One thing many people don’t appreciate is how effective weightlifting is at burning calories. In the long term, weightlifting beats just about every form of cardio when it comes to losing weight. Why? Because building muscles through weightlifting assures that you will burn more calories over time because muscle burns more calories than fat. So for this goal, there isn’t an answer to how many exercises per muscle group because you just need to get into a caloric deficit to lose fat.

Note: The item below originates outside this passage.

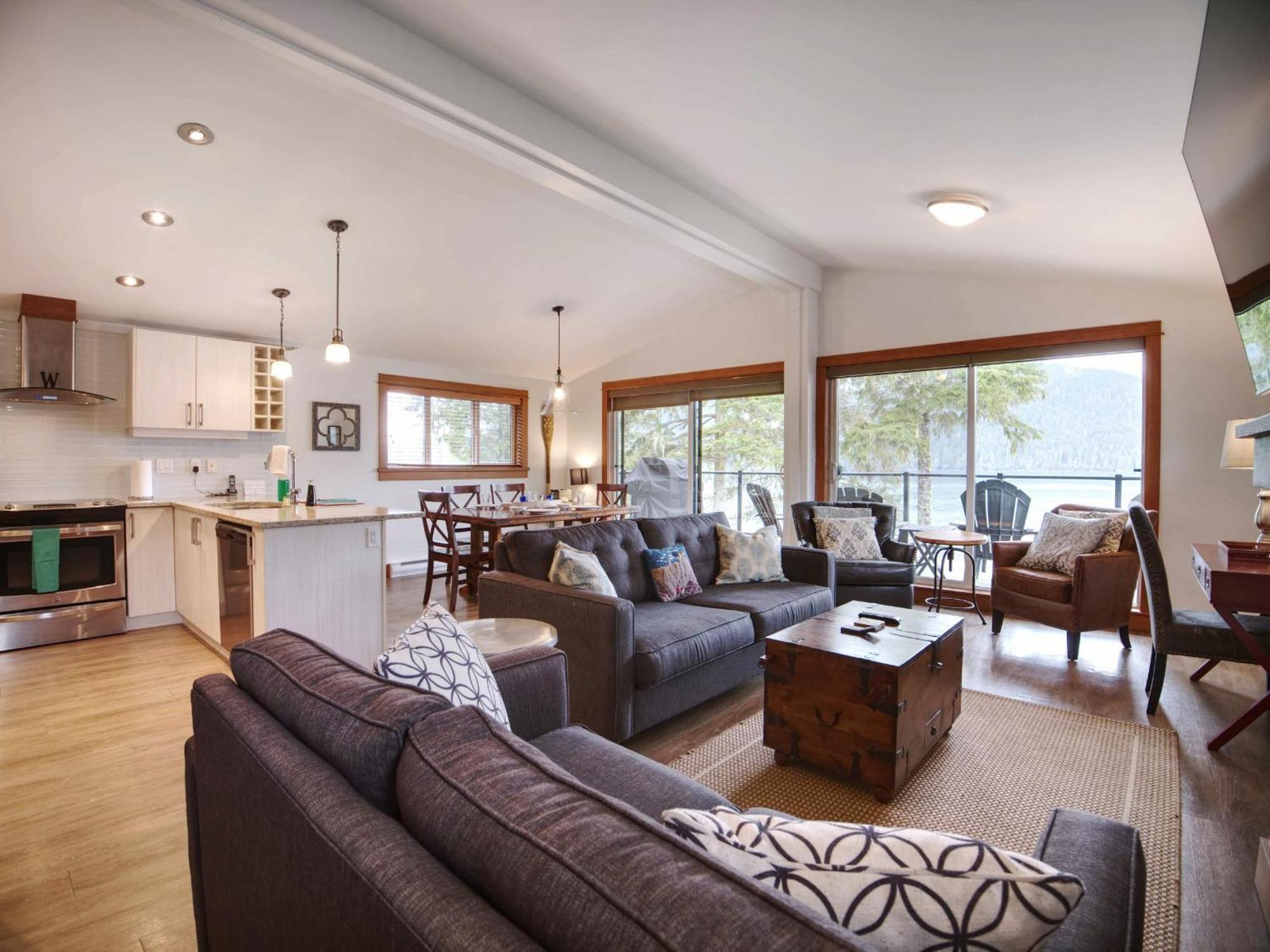 Handsome Dan'S Vacation Cottage Rentals Port Renfrew Exterior photo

A Note on Functional Fitness

Weightlifting is great; it’s a keystone habit that you need to include in your overall fitness routine. However, don’t forget that whether you are going for strength, looks, or just overall health, it is critical to include some forms of functional fitness into your exercises. You don’t want to become one of the inflexible meatheads in your gym who can bench in the 400s and yet can barely bend his arms to scratch his head. Being a professional bodybuilder is one thing, but as a physically fit person who has to remember that keeping the ability to move quickly, agilely, and with strength is a necessary part of being in great shape. This is why it is so important to mix up your exercise routines. If your main goal is strength, obviously you should be going heavy on the weights as often as possible. You should also, however, make sure to throw in a high-rep, low weight day a few times a month for every muscle group. Also, you should make sure not to neglect cardio. There are many cardio exercises you can do that will not hurt your muscle growth and will, actually, improve your overall appearance by burning fat, building your leg muscles, and give you more energy throughout the day and while you are in the gym. If you aren’t used to doing cardio, start small. Try doing 5-minutes of easy, low-impact cardio at the end of every workout. Even that small amount can make a tremendous difference. Eventually, you can increase the amount of cardio you do daily, depending on your goals. But remember, just like everything else, you should eventually test your cardio, so a few times a month go a long run, or make sprints, or something challenging to keep your cardiovascular system fit and healthy. Cardio is often overlooked when trying to answer how many exercises per muscle group because it isn’t looked at as a “lift”. But as I stated before, sprinting has so many benefits and shouldn’t be neglected.